I'd like to see more star fades in and out à la Homer Simpson. Make it happen, youshitz.


----------



## smauk2 (Jun 24, 2009)

Bomb Flow TV Episode #3 California on Vimeo

BombFlow Episode 3


----------



## mikesong (Jan 27, 2011)

Best one yet in my opinion. Good call on the tunes


----------



## smauk2 (Jun 24, 2009)

Bomb Flow TV Episode #4 British Columbia on Vimeo

At last! Better late than never.


----------



## brandob9 (Jun 13, 2010)

smauk2 said:


> Bomb Flow TV Episode #4 British Columbia on Vimeo
> 
> At last! Better late than never.


Crap, there went my morning.


----------



## Chief Niwot (Oct 13, 2003)

These guys amaze me. I wonder how many injuries and boats that they go through?


----------



## yetigonecrazy (May 23, 2005)

Love it!! This one is just as good as the rest of them

Thanks again x one hundred and thirty one, fellas.

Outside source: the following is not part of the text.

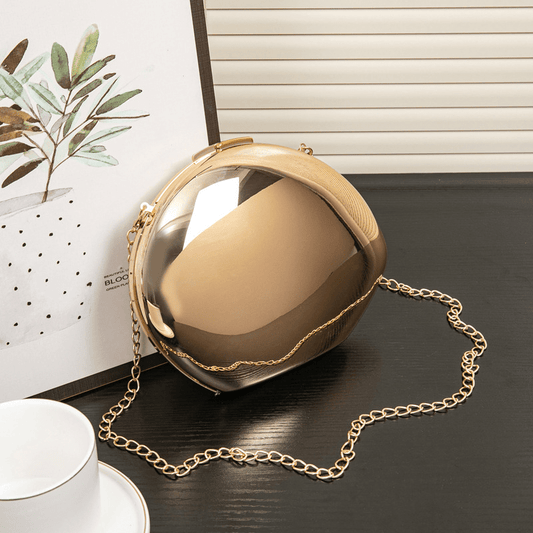 Celeste Shell Shape Evening Clutch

Such amazing work for a free movie!

I'm not sure which is better: PacNW Fred, who is "lookin' intense with the mustache", or Canadian Fred, who's "gonna fire up some stouts, eh?"

And if you still havent watched the videos go do it RIGHT NOW. There's over two hours worth of free, well made, super sick eXtReMe kayak porn waiting for you!


----------



## craporadon (Feb 27, 2006)

Definitely the best vids being made right now. Boat companies should wake up and Pay these bitches! They don't even have a boat sponsor in the opening credits. Sad there is just no money in it. Only complaint is they show the same drop over and over and over and over. Sometimes it felt like watching the Green Race. Each drop just needs 1 shot from the top and 1 from the bottom. Also not much new stuff, all just classics that have been run for years, where are the First D's? Just being ultra-critical though, BF is definitely the best flicks happening right now. And it's free.


----------



## blutzski (Mar 31, 2004)

The crazy thing is so much is being made about "The Art of Flight" snowboard movie and their million dollars worth of camera gear and Red Bull helicopters and how mind blowing the HD and slo-mo footage is. I'd say the Blomb Flow footage made with GoPros and a Canon EOS 7D is better than anything in "the Art of Flight" (at least the trailer I saw). Great stuff.


----------



## smauk2 (Jun 24, 2009)

blutzski said:


> The crazy thing is so much is being made about "The Art of Flight" snowboard movie and their million dollars worth of camera gear and Red Bull helicopters and how mind blowing the HD and slo-mo footage is. I'd say the Blomb Flow footage made with GoPros and a Canon EOS 7D is better than anything in "the Art of Flight" (at least the trailer I saw). Great stuff.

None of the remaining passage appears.